Nancy E. and Peter C. Meinig School of Biomedical Engineering, Cornell University, Ithaca, NY, 14853, USA.
Baker Institute for Animal Health, College of Veterinary Medicine, Cornell University, Ithaca, NY, 14853, USA.
Nat Commun. 2021 Apr 12;12(1):2158. doi: 10.1038/s41467-021-22496-3.

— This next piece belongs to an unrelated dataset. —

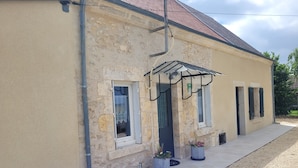 Un bâtiment doté d’une façade en pierre, d’un porche carrelé et d’une véranda couverte ornée de plantes en pot.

Conventional scRNA-seq expression analyses rely on the availability of a high quality genome annotation. Yet, as we show here with scRNA-seq experiments and analyses spanning human, mouse, chicken, mole rat, lemur and sea urchin, genome annotations are often incomplete, in particular for organisms that are not routinely studied. To overcome this hurdle, we created a scRNA-seq analysis routine that recovers biologically relevant transcriptional activity beyond the scope of the best available genome annotation by performing scRNA-seq analysis on any region in the genome for which transcriptional products are detected. Our tool generates a single-cell expression matrix for all transcriptionally active regions (TARs), performs single-cell TAR expression analysis to identify biologically significant TARs, and then annotates TARs using gene homology analysis. This procedure uses single-cell expression analyses as a filter to direct annotation efforts to biologically significant transcripts and thereby uncovers biology to which scRNA-seq would otherwise be in the dark.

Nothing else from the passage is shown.